Now several other theater chains, including AMC and Cinemark, are quietly adopting the policy as well. Regal Entertainment, America’s largest theater chain, is going one step further and banning children under the age of six from attending R-rated films at all. Technically, this is contrary to the MPAA’s rule on R-rated films, which simply states that a child “under 17 requires accompanying parent or adult guardian.” But the MPAA is a Hollywood trade organization, not a government body, and as such has no actual regulatory power over what theater owners do on their own private property.

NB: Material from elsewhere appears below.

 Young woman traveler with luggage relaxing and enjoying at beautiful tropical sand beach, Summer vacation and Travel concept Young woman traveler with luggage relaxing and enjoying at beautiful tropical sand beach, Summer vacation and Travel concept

Beyond that, the move has been popular. THR notes that Regal quietly instated its policy on February 1, days before unexpected blockbuster and prompter of social-media hand wringing about kids and swear words Deadpool hit theaters. And several chains credit/blame busybody patrons complaining about having to watch scenes of violence or sex with toddlers nearby—being traumatized by the kids’ hypothetical trauma, in essence—for the new policy. Personally, this writer saw Rob Zombie’s Halloween II (I know, I know) in a mostly empty theater (shocking) sitting near a tired-looking couple and their two preschool-aged children, and the kids’ crying and screaming throughout was infinitely more unsettling than the movie itself. I’m still not sure if it enhanced or detracted from the experience. But at least they weren’t on their fucking cell phones.